Careers in Cyber Security and the Traveling Salesman Problem
Cybercrime It is predicted to cost the global economy $5.2 trillion over the next five years. A single data breach — unauthorized access to private information – costs a U.S. company an average of $8.19 million. We all pay.
The worldwide supply of cyber security professionals equipped to defend against these criminals is woefully inadequate. One prediction estimates that the world’s cyber security workforce will have to grow by 145% in order to fill all the available cyber security jobs. Governments and industry agree that complete staffing of cyber security positions by qualified personnel is a necessary condition for national security and economic stability in the future.
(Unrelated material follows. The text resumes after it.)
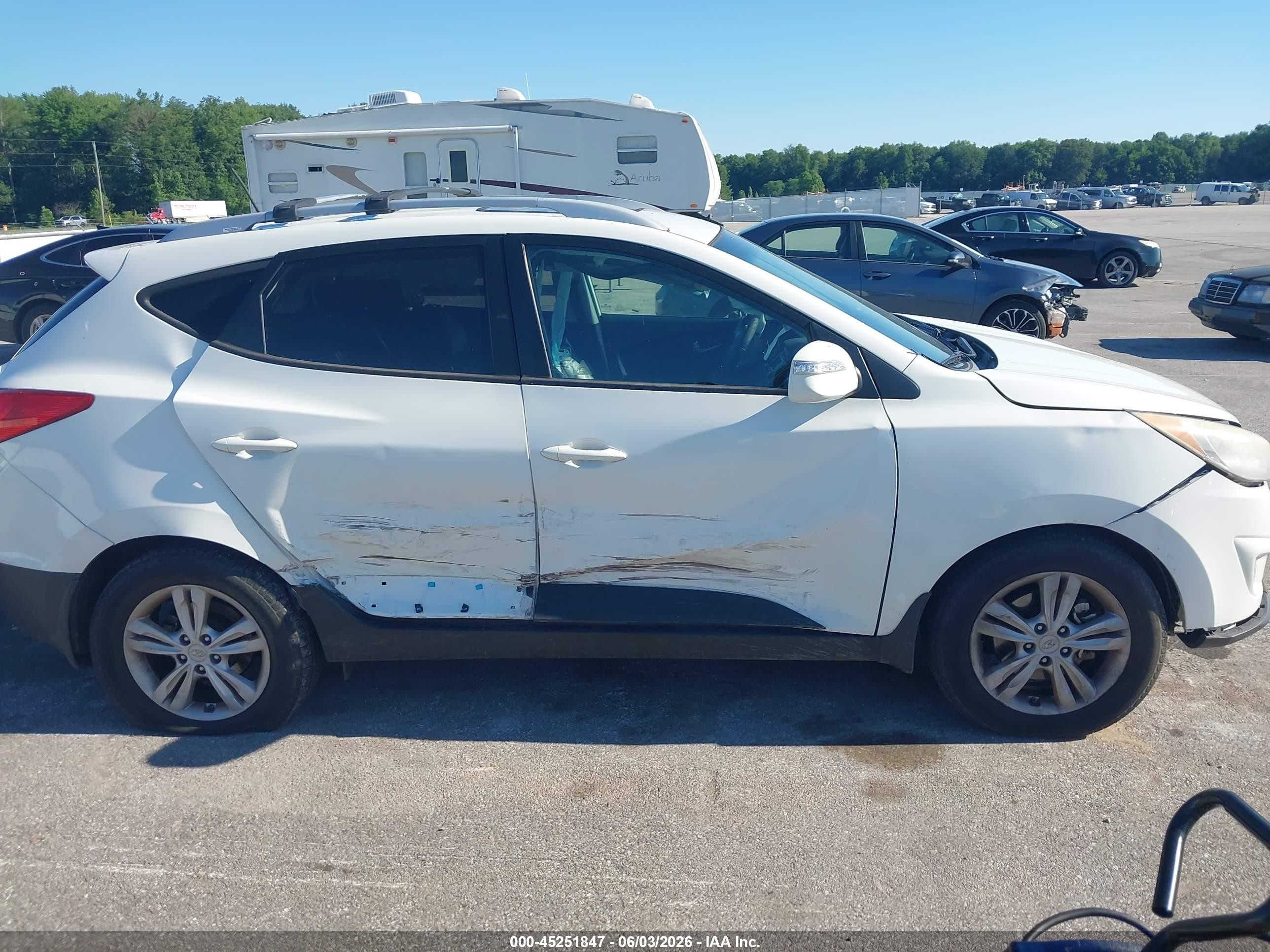 2013 Hyundai Tucson Gls Белый vin: KM8JUCAC3DU618913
For all these reasons, cyber security is one of the most lucrative career fields for which students can prepare. They can do this by studying computer science, and mastering basic mathematical skills. So, for all those students who doubt that things like polynomials (like x squared) and exponentials (like 2.718 raised to the power x) could have any relevance in their future lives, this blog is for you.
Let’s start with the well-known Traveling Salesman Problem (TSP). The TSP is an easily understood problem that mathematicians have been noodling over for more than 100 years. It goes like this: Given a list of N cities, the associated distances between each pair of cities, and a maximum distance D, determine if there is a route less than or equal to D that the salesman can take to visit each city once and end up back at the starting point.
We can try a brute force approach here, computing all the possible ways the salesman could make the trip and see if any are of length D or shorter. How many routes would that be?
Suppose there are 5 cities. We begin by choosing the first city to visit; there are 5 choices for that city. Then we choose the second city to visit; there are 4 choices for that city. We continue to choose all the way down to the last city; there is only 1 choice for that city. So, the total number of possible routes the salesman can take would be 5 x 4 x 3 x 2 x 1 = 120 routes. We can then calculate the total distance traveled along each route, adding together all the distances between adjacent cities visited, and compare each one to D.
So, the brute force solution to the TSP requires N x (N-1) x (N-2) x … x 3 x 2 x 1 computations, a value which we can show grows exponentially with N. We’d prefer a solution that grows more slowly, like in a polynomial number of computations (like N times itself p times), but there are no such solutions for the TSP, which is therefore said to be “NP-complete”.
So, now you’re thinking, “Whoa, this sounds complicated!” and it is. It’s called computational complexity theory, and it’s anchored in some very sophisticated mathematics which we are not going to talk about here.
Computational complexity is a key element of cyber security these days. It is used by computer security professionals to understand the risks associated with specific kinds of cyber attacks, and make recommendations on how to mitigate against them. Companies use these metrics to make decisions about which cyber security products to buy. For critical applications, a company may buy more expensive encryption capabilities, like one using a secret number of 1024 bits (a string of 1’s and 0’s that is 1024 digits long) which would require 2^1024 (that’s 2 times itself 1024 times!) computations to solve using a brute force attack.
For whatever reason, there is a critical shortage of qualified cyber security applicants in the world today. Computer security relies on basic math skills, things like counting, polynomials, and exponentials. By encouraging math proficiency among our young people, we will successfully set them on the paths for lucrative cyber security careers, and help ensure our own national security and economic stability in the future.